Gabriele MuredduAscolti, Singoli

Prendete i Kenze Neke e mischiateli con il post metal dei Neurosis. Lasciateli riposare in una soluzione di doom & sludge, infiorescenze della macchia mediterranea gallurese e cantato in lingua sarda e otterrete (quasi) nove minuti di Boe Erchitu, ultimo singolo dei Dohlmen che anticipa il disco in fase di registrazione.

Su boe erchitu è una creatura del folklore barbaricino. S’erchitu, il cui nome cambia a seconda del paese, è un uomo colpevole di un grave crimine, rimasto inespiato con la giustizia terrena, e che, pertanto, per una maledizione di notte si trasforma in un bue bianco con grandi corna in acciaio e delle fiammelle in cima. Su boe, condotto in giro tra campagne e via di paese da un corteo di diavoli, muggisce per tre volte davanti a una casa, annunciandone la morte dell’occupante entro l’anno.

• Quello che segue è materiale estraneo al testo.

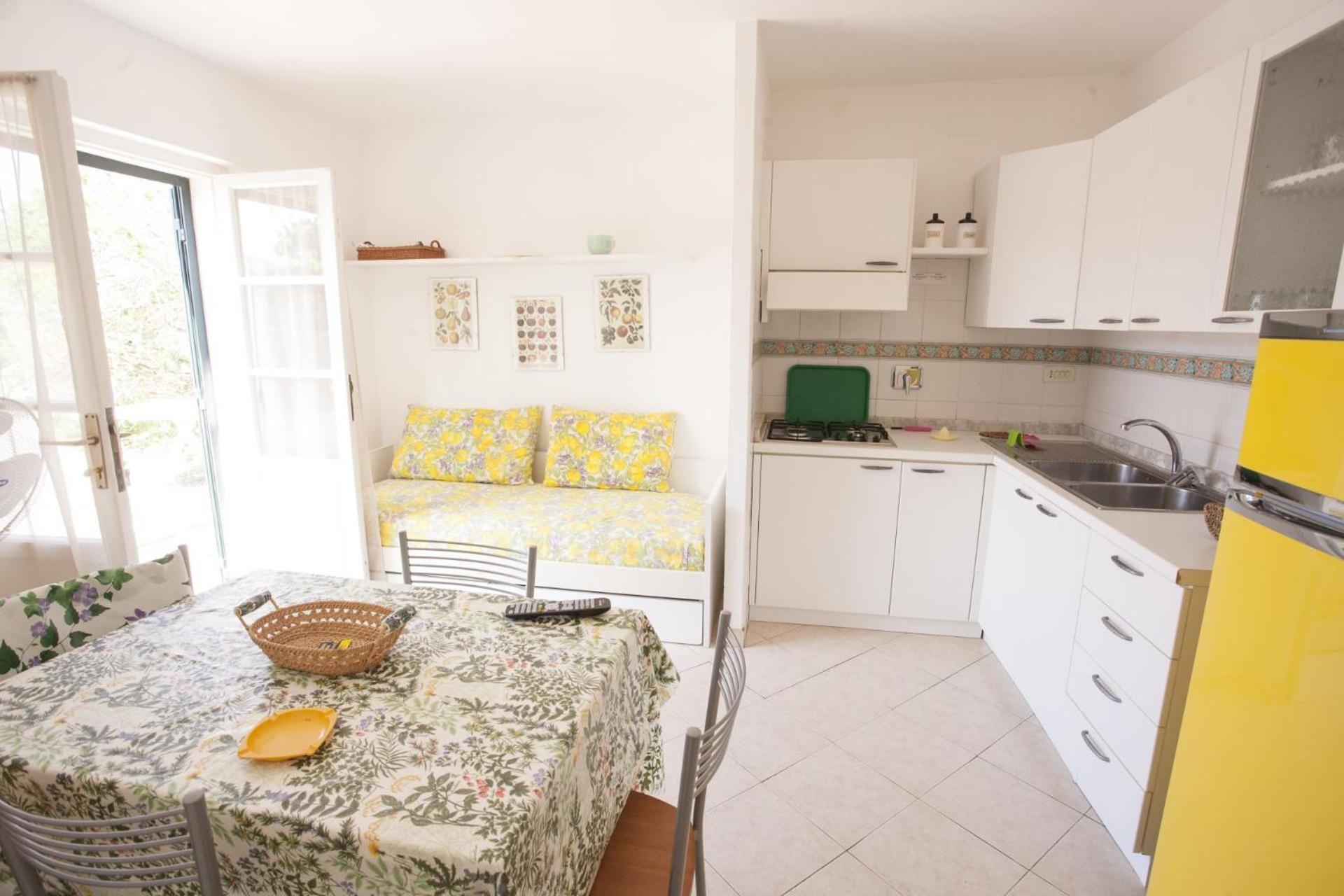 Appartamenti Villa Anna - Goelba Каполивери Екстериор снимка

Questo messaggero funesto è il tema centrale del brano scritto dal trio olbiese, composto da Daniel Piredda (voce e basso), Filippo Falchi (batteria) e Pietro Chiaffitella (chitarra), che ritornano dopo una pausa di quasi un lustro dall’esordio omonimo, in cui erano già presenti riferimenti a figure leggendarie come s’ammuttadori, strie e accabbadore in chiave (post) metal ancestrale.

L’artwork è opera dello stesso Piredda, mentre per mix, master e registrazione è stato confermato Enzo di Ciaccio (bassista di Amesua, Cannot, Malignant Defecation).